----- Exercise material
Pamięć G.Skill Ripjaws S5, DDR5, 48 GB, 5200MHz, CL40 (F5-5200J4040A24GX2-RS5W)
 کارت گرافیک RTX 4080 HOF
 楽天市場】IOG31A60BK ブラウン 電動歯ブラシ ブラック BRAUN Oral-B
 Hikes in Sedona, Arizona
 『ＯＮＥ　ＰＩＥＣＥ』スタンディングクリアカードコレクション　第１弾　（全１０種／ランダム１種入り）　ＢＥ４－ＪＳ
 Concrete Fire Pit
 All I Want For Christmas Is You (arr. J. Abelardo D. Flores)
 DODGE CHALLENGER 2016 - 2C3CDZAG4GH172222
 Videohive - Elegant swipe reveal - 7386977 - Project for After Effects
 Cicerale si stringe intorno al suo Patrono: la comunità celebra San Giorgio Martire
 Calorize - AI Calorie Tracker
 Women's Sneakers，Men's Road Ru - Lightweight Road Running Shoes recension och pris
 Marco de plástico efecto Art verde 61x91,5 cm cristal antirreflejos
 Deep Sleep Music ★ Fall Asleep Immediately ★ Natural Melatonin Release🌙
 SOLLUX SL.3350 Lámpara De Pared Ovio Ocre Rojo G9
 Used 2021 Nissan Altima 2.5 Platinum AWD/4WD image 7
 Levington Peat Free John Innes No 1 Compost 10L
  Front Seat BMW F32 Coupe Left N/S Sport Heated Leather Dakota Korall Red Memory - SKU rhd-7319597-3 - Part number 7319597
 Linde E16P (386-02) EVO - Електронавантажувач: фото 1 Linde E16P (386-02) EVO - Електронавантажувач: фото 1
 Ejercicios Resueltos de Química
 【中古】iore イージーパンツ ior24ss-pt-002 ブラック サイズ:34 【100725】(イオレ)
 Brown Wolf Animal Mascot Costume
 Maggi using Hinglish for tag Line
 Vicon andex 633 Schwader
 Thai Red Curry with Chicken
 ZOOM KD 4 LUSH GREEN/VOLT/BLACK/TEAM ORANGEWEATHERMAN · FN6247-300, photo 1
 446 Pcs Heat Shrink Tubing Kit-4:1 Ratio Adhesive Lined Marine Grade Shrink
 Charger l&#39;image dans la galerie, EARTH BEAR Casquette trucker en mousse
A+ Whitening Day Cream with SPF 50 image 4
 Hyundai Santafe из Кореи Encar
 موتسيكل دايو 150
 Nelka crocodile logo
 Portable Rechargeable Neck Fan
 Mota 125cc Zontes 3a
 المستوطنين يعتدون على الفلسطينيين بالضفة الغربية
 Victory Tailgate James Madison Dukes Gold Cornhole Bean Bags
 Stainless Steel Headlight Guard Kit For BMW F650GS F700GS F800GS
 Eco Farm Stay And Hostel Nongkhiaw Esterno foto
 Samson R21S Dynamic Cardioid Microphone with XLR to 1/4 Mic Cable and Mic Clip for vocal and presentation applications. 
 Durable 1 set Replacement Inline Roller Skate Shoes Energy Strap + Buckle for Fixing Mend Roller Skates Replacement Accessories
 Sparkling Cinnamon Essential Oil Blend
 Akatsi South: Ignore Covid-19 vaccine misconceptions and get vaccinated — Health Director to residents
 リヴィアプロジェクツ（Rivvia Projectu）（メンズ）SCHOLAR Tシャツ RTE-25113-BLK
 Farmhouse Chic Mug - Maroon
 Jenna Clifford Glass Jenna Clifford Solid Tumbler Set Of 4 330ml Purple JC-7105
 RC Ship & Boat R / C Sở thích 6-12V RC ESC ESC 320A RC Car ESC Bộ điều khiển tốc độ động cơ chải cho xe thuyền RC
----------
What to work on:
Scan the lines above for "Marco de plástico" and for "Victory Tailgate James". Repeat exactly the line holding each of them and every line in between.

Task response:
 Marco de plástico efecto Art verde 61x91,5 cm cristal antirreflejos
 Deep Sleep Music ★ Fall Asleep Immediately ★ Natural Melatonin Release🌙
 SOLLUX SL.3350 Lámpara De Pared Ovio Ocre Rojo G9
 Used 2021 Nissan Altima 2.5 Platinum AWD/4WD image 7
 Levington Peat Free John Innes No 1 Compost 10L
  Front Seat BMW F32 Coupe Left N/S Sport Heated Leather Dakota Korall Red Memory - SKU rhd-7319597-3 - Part number 7319597
 Linde E16P (386-02) EVO - Електронавантажувач: фото 1 Linde E16P (386-02) EVO - Електронавантажувач: фото 1
 Ejercicios Resueltos de Química
 【中古】iore イージーパンツ ior24ss-pt-002 ブラック サイズ:34 【100725】(イオレ)
 Brown Wolf Animal Mascot Costume
 Maggi using Hinglish for tag Line
 Vicon andex 633 Schwader
 Thai Red Curry with Chicken
 ZOOM KD 4 LUSH GREEN/VOLT/BLACK/TEAM ORANGEWEATHERMAN · FN6247-300, photo 1
 446 Pcs Heat Shrink Tubing Kit-4:1 Ratio Adhesive Lined Marine Grade Shrink
 Charger l&#39;image dans la galerie, EARTH BEAR Casquette trucker en mousse
A+ Whitening Day Cream with SPF 50 image 4
 Hyundai Santafe из Кореи Encar
 موتسيكل دايو 150
 Nelka crocodile logo
 Portable Rechargeable Neck Fan
 Mota 125cc Zontes 3a
 المستوطنين يعتدون على الفلسطينيين بالضفة الغربية
 Victory Tailgate James Madison Dukes Gold Cornhole Bean Bags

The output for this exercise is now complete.